TASK DIRECTIONS: Every entry has to be restated word for word.

SUPPLIED DATA:
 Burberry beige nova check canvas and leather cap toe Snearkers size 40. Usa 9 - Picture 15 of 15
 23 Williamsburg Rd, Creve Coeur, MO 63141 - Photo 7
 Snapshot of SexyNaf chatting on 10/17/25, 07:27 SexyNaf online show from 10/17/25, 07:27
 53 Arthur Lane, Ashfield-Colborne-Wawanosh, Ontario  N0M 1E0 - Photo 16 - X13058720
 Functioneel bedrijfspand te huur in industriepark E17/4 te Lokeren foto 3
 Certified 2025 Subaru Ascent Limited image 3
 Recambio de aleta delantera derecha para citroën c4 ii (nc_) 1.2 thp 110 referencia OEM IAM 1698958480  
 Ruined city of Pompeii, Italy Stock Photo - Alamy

FINISHED TASK:
 Burberry beige nova check canvas and leather cap toe Snearkers size 40. Usa 9 - Picture 15 of 15
 23 Williamsburg Rd, Creve Coeur, MO 63141 - Photo 7
 Snapshot of SexyNaf chatting on 10/17/25, 07:27 SexyNaf online show from 10/17/25, 07:27
 53 Arthur Lane, Ashfield-Colborne-Wawanosh, Ontario  N0M 1E0 - Photo 16 - X13058720
 Functioneel bedrijfspand te huur in industriepark E17/4 te Lokeren foto 3
 Certified 2025 Subaru Ascent Limited image 3
 Recambio de aleta delantera derecha para citroën c4 ii (nc_) 1.2 thp 110 referencia OEM IAM 1698958480  
 Ruined city of Pompeii, Italy Stock Photo - Alamy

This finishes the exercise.